(Beginning of SUPPLIED MATERIAL)

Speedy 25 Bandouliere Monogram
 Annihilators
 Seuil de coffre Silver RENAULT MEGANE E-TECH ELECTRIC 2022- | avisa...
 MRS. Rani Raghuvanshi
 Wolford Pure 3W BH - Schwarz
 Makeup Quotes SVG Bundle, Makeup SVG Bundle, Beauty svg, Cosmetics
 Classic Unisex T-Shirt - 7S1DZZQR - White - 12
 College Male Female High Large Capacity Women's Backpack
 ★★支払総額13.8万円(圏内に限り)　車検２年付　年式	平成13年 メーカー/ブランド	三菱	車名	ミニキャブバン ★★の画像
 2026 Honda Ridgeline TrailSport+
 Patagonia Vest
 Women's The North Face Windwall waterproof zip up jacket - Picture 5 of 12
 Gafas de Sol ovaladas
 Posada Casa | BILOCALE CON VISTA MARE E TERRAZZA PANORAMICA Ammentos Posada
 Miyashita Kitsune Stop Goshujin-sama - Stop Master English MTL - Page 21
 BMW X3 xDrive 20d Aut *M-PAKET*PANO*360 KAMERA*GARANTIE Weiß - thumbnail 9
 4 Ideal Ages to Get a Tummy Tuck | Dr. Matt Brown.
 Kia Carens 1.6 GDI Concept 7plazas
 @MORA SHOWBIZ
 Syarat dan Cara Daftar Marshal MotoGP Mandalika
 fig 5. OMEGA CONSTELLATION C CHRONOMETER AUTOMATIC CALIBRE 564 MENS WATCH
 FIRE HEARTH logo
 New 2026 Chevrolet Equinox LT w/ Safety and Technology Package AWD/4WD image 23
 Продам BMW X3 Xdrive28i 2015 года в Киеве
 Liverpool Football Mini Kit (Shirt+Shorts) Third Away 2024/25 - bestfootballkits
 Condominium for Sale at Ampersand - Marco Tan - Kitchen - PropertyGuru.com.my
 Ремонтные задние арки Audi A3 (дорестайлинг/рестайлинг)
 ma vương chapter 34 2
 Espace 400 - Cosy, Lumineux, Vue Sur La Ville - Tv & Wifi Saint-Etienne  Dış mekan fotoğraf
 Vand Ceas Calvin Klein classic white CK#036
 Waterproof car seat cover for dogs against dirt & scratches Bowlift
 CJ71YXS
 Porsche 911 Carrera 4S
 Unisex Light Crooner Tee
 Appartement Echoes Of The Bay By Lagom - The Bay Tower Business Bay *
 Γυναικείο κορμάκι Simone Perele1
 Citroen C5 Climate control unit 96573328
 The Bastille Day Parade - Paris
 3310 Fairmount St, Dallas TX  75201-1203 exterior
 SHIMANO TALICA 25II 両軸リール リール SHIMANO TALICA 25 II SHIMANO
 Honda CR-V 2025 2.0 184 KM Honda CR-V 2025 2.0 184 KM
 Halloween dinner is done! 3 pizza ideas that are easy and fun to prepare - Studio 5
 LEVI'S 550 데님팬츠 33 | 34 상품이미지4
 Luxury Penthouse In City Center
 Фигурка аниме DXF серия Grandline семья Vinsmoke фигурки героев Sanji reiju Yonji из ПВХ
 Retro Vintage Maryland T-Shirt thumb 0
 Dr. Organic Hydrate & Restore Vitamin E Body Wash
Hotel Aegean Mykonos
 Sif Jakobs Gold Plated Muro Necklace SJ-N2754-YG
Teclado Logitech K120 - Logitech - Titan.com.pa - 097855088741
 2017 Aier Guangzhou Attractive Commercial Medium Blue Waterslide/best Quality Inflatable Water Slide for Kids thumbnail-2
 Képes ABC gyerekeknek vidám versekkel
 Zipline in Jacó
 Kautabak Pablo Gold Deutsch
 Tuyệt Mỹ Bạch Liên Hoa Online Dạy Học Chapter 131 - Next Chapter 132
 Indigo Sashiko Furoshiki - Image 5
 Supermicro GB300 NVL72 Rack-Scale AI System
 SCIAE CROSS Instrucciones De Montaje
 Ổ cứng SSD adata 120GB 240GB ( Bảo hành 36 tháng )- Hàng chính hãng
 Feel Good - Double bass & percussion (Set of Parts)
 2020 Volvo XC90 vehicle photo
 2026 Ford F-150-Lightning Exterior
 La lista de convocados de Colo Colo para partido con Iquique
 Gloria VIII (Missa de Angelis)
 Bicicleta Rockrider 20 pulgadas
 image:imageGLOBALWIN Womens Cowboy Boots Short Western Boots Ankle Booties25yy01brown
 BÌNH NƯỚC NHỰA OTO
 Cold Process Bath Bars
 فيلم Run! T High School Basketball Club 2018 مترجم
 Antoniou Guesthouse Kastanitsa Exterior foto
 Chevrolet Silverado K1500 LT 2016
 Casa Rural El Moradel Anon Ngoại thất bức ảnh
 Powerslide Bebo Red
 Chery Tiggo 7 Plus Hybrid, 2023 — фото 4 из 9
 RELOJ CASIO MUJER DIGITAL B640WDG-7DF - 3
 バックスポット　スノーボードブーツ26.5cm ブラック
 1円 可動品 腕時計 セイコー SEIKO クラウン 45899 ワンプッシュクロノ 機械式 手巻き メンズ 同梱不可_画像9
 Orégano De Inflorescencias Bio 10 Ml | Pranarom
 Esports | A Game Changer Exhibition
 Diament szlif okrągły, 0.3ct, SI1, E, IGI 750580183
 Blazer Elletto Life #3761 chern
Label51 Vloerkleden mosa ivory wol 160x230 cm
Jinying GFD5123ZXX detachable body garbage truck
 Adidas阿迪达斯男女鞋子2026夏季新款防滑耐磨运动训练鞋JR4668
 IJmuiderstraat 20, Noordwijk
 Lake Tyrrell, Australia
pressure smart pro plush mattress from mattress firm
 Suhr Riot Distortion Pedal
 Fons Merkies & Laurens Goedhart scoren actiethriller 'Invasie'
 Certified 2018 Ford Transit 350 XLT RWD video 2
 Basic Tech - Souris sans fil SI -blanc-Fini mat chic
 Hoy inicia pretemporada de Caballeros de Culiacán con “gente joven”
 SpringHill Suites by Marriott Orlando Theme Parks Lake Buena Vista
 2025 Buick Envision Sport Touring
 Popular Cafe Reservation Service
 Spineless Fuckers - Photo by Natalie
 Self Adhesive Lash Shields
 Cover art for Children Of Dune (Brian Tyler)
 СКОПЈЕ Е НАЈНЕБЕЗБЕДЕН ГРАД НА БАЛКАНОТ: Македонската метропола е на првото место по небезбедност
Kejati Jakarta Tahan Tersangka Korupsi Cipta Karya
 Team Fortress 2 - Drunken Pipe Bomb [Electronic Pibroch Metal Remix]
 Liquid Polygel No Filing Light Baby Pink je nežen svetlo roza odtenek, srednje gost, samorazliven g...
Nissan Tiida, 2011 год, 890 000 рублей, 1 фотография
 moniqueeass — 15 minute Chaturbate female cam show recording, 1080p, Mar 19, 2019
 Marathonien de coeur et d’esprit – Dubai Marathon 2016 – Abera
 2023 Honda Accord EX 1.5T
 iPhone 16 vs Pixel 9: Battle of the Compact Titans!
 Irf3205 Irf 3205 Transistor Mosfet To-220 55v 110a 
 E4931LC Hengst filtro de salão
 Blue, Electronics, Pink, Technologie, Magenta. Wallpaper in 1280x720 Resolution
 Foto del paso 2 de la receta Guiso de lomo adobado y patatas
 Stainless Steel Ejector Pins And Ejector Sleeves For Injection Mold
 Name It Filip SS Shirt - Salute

(End of SUPPLIED MATERIAL)

EXERCISE DETAILS: Scan the records for the word "High" and copy every line where it is found.

RESPONSE AREA:
 College Male Female High Large Capacity Women's Backpack
 فيلم Run! T High School Basketball Club 2018 مترجم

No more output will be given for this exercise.